● **Input data**

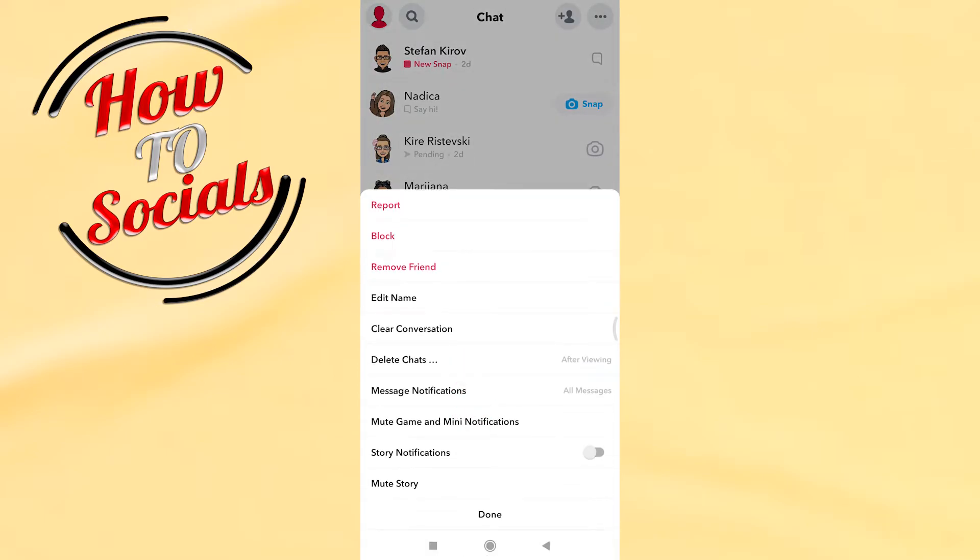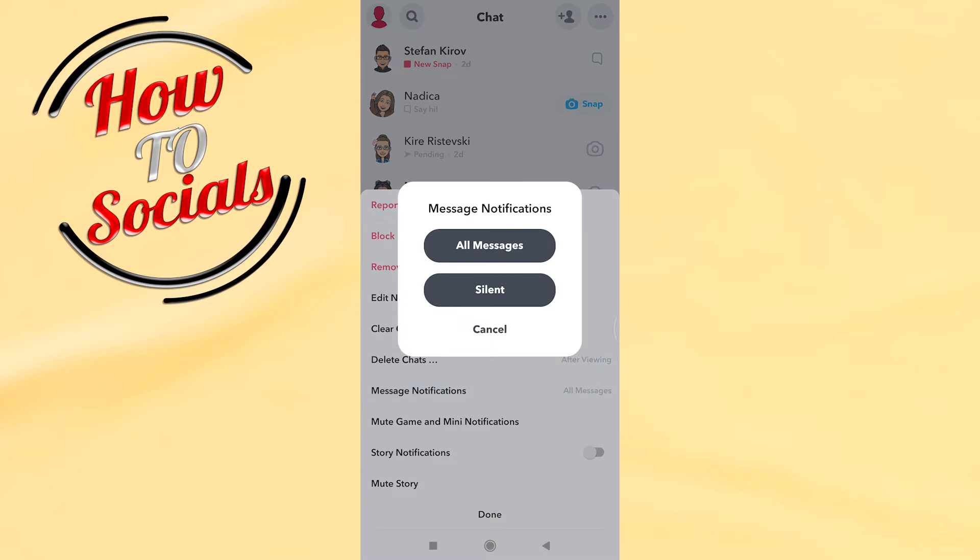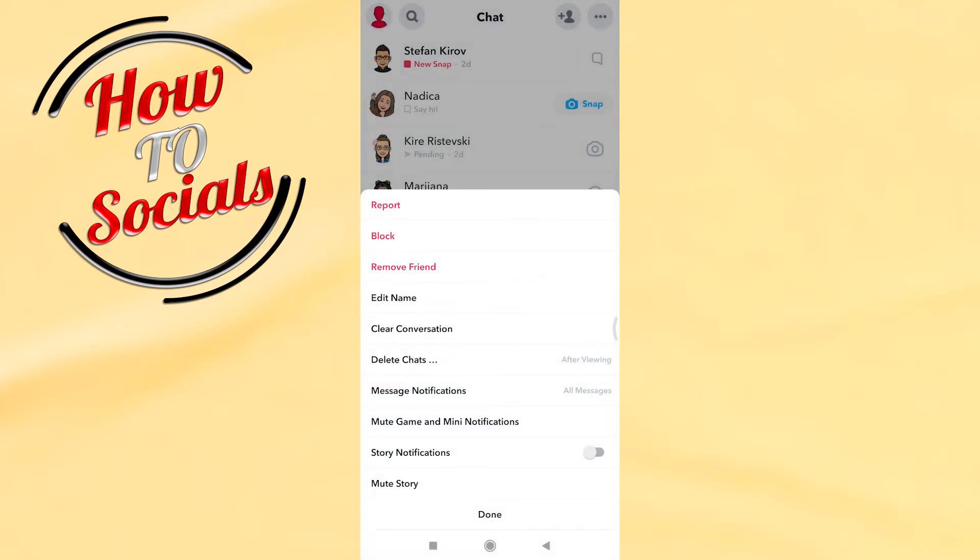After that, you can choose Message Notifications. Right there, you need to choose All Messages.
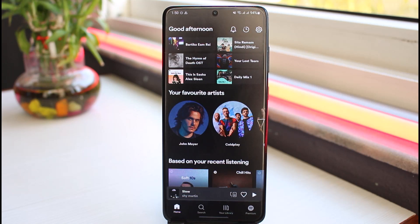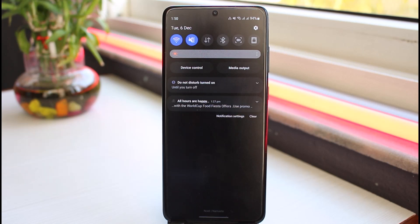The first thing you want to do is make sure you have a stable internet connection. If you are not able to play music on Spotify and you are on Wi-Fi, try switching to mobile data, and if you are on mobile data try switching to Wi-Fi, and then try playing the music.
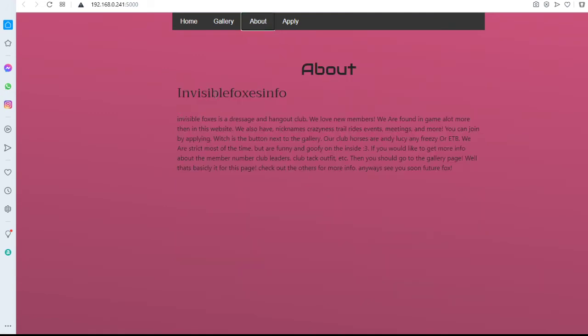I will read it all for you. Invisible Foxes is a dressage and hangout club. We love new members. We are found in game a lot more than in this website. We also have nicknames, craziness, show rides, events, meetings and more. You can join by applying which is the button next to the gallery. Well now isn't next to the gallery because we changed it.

---

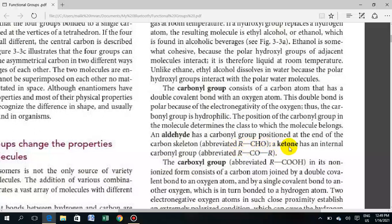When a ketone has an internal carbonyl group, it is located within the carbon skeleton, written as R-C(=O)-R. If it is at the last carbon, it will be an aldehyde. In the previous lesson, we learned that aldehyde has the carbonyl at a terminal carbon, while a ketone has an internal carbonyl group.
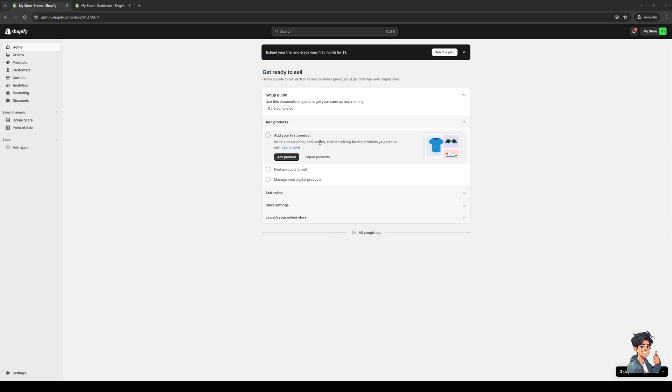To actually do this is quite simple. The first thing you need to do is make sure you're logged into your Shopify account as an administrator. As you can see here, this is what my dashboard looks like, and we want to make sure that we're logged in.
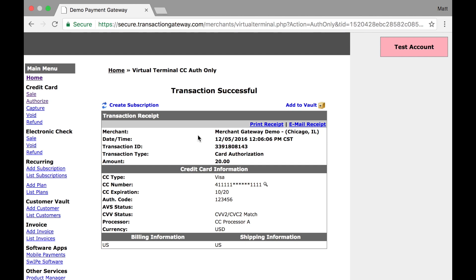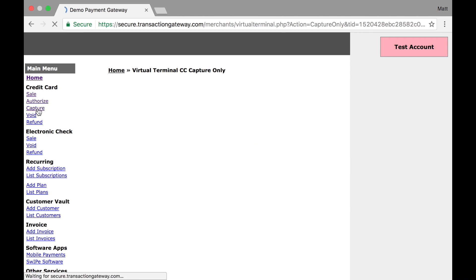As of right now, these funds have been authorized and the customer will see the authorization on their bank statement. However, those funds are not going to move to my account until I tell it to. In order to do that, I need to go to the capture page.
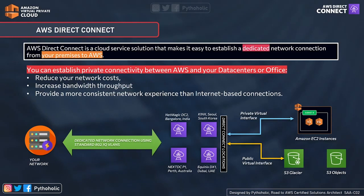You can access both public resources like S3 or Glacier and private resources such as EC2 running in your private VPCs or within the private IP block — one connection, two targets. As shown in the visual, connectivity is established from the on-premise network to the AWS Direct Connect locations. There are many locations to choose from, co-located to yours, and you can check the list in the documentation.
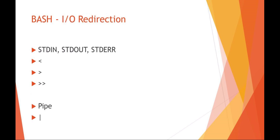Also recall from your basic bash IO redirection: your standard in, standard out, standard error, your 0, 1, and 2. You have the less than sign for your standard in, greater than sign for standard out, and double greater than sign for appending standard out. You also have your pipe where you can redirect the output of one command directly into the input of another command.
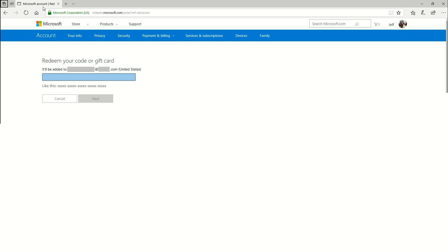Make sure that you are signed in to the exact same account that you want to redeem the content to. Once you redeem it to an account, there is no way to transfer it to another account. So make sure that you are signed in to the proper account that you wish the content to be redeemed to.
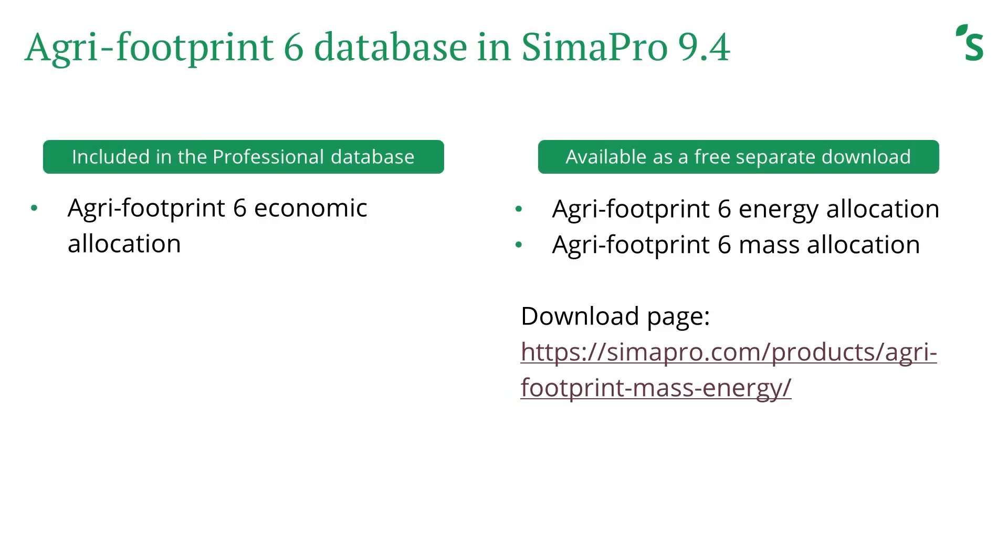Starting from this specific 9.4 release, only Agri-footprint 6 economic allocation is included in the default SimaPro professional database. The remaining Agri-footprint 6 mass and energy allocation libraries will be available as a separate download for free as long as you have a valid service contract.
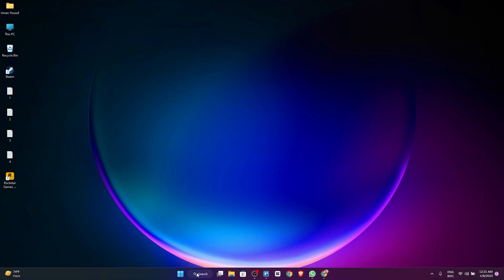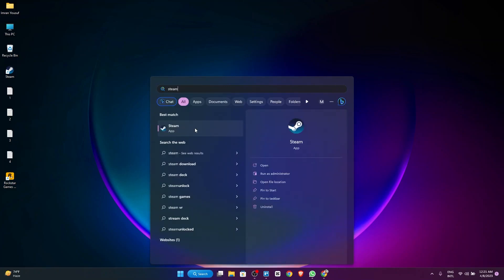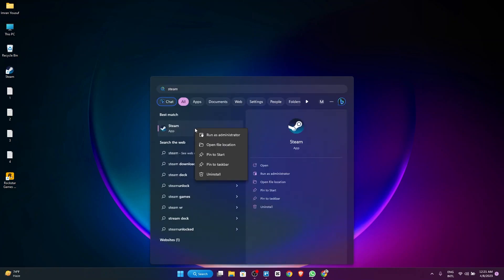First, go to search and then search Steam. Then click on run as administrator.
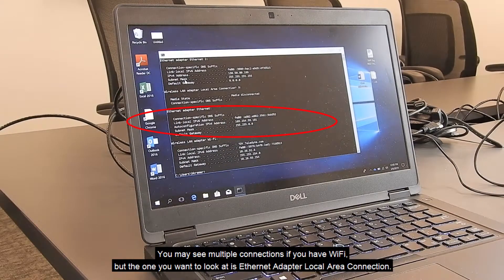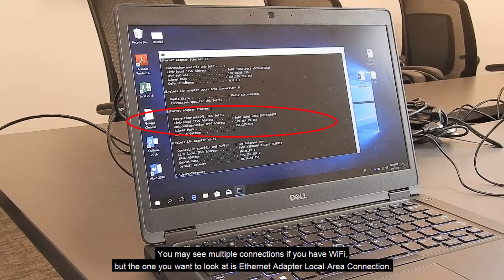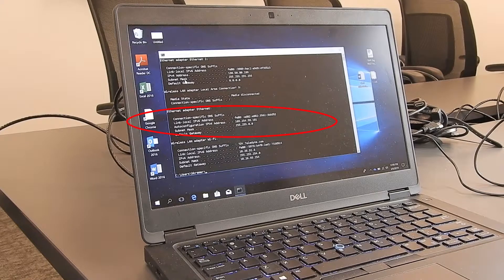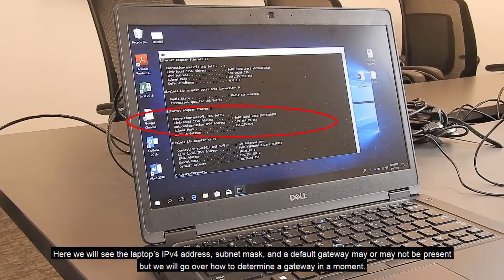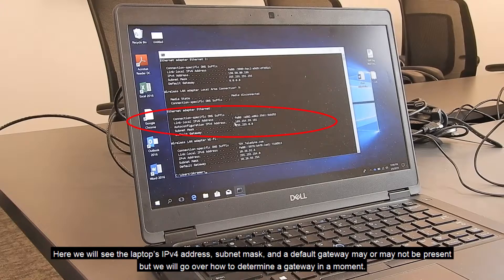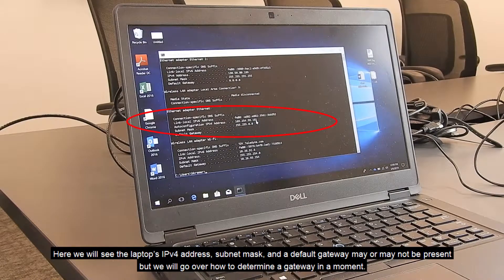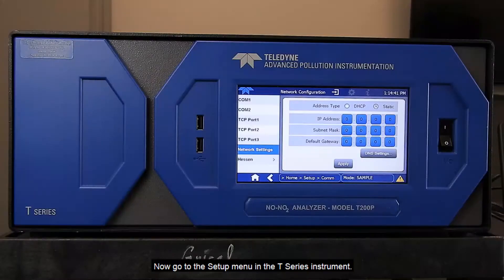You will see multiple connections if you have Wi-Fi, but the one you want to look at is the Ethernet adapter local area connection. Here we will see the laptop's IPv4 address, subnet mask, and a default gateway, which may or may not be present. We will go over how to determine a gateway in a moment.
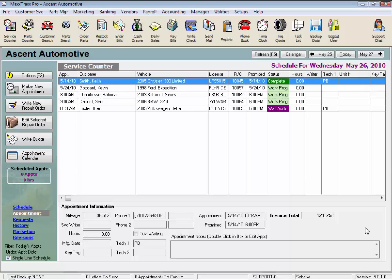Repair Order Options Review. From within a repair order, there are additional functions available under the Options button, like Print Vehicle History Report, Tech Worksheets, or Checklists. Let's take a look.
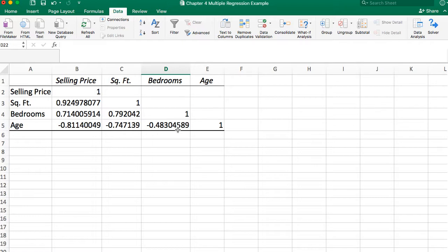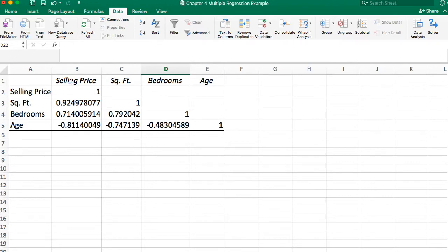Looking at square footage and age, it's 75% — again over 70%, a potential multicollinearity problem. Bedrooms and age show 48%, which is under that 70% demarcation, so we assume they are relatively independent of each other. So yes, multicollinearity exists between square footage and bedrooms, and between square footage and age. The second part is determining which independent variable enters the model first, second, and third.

● **Task prompt**
Only one stretch of the entries above is needed: the lines from the one containing "After that, you" through the one containing "I will read". Copy it exactly, without the pictures.

● **Solution to this task**
After that, you can choose Message Notifications. Right there, you need to choose All Messages.
The first thing you want to do is make sure you have a stable internet connection. If you are not able to play music on Spotify and you are on Wi-Fi, try switching to mobile data, and if you are on mobile data try switching to Wi-Fi, and then try playing the music.
I will read it all for you. Invisible Foxes is a dressage and hangout club. We love new members. We are found in game a lot more than in this website. We also have nicknames, craziness, show rides, events, meetings and more. You can join by applying which is the button next to the gallery. Well now isn't next to the gallery because we changed it.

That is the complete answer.